What an artistic masterpiece is not

by Dave Maier

Philosophers have spilled a great deal of ink attempting to nail down once and for all the necessary and sufficient conditions for a thing’s being a work of art. Many theories have been proposed, which can seem in retrospect to have been motivated by particular works or movements in the history of art: if you’re into Cézanne, you might think art is “significant form,” but if you’re impressed by Andy Warhol, you might that arthood is not inherent in a work’s perceptible attributes, but is instead something conferred upon it by members of the artworld.

Nothing has really seemed to fit everything, and for whatever reason, essentialism in the philosophy of art, or at least arguing about it in public anyway, has drifted in and out of fashion. Yet that question, or something like it, won’t simply go away. Unless everything is art, some things are art and some are not. What’s the difference?

When you get stuck like this, one way to get back on track is to ask a different question. There are plenty of worthwhile candidates, but one which keeps coming up for me is: what’s the difference between something that’s not art because it’s not good enough, and something that’s not art because it’s the wrong sort of thing? Let’s start there.

This seems like a natural distinction to make. Painting is unquestionably an art form: it’s the sort of thing that Cézanne’s masterpieces are. Every painting, then, would be the right sort of thing to be art; but not all paintings count as art, because lots of them simply aren’t good enough. (Any that I would do, for example, would fall into this category.) We don’t put things in the art museum simply because they’re paintings. That is, art is not simply a descriptive but also a normative concept, which may help explain why definition has been so difficult (although that can’t possibly be the whole story, or a lot of moral philosophy has been pointless from the word go).

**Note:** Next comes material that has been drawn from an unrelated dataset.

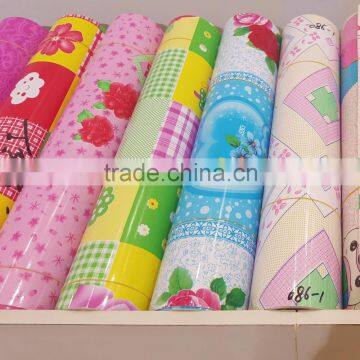 Plastic Flooring Type and Indoor Usage PVC vinyl flooring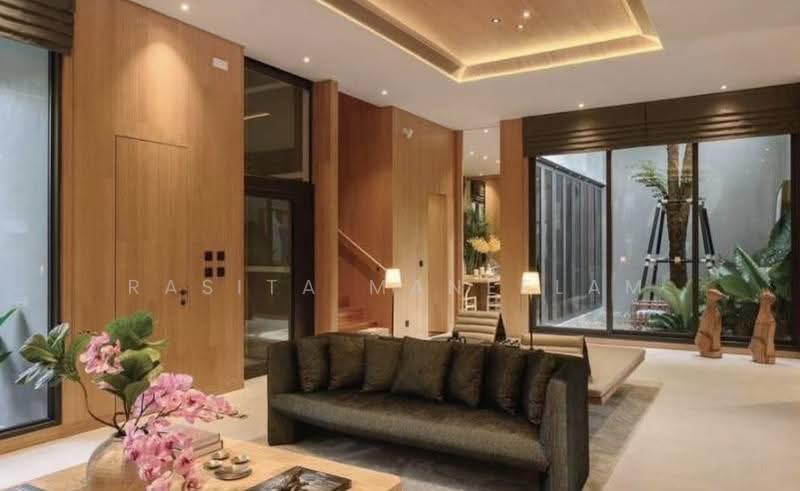Bugaan Pattanakarn, Bangkok, 498 Panya Village, Suan Luang, Bangkok, 5 Bedrooms, 698 sqm, Single Detached House For Sale, by Rasita Maneelam, 500579439 - DDproperty.com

On the other hand, we want to rule out as non-art plenty of things we are not thereby evaluating. We do of course use the word “artist” to praise the skills of all kinds of practitioners, from tennis players to chefs to conmen, but I take it as (provisionally) given that these activities are not artistic in our sense. Roger Federer may want to wow us with his skills; but his first objective, qua tennis player, is to win the match.

So, a natural distinction; but even here there are complications. First, it seems that whenever we try to separate Xs from non-Xs we bring norms into it. Even the best non-X, considered as a potential X, isn’t “good enough” to be an X. That can sound funny in particular cases (say X = vermin or something else unpleasant), but in others it sounds fine (enough, again, to seem to blur our distinction between the two questions).

Second, or in particular, when we think of art as something uniquely valuable, we might very well think of non-art as (not simply not meeting all of the necessary criteria, but also as) falling short of that unique value: i.e., not good enough in the relevant sense. If I desire the characteristically aesthetic buzz of great art, I’m telling you now: don’t take me to the restaurant, no matter how good it is. The chef will fail to provide the (type of) experience I desire.

Let’s put the complications aside for now, and simply recognize that normative and descriptive judgments are conceptually intertwined, without taking that to threaten our very enterprise, which we can slightly reconstrue as that of trying to understand (not What Art Is, but instead) what we like about art that makes us want to single it out as characteristically artistic.

I’ve always liked the image John Dewey uses in the second paragraph of Art as Experience. That which has made aesthetic theory seem necessary, he complains, is the very thing which makes it impossible: the existence of universally admired works of art. 

Art is remitted to a separate realm, where it is cut off from that association with the materials and aims of every other form of human effort, undergoing, and achievement. … [Our primary task is thus] to restore continuity between the refined and intensified forms of experience that are works of art and the everyday events, doings, and sufferings that are universally recognized to constitute experience. Mountain peaks do not float unsupported; they do not even just rest upon the earth. They are the earth in one of its manifest operations. It is the business of those who are concerned with the theory of the earth, geographers and geologists, to make this fact evident in its various implications. The theorist who would deal philosophically with fine art has a like task to accomplish.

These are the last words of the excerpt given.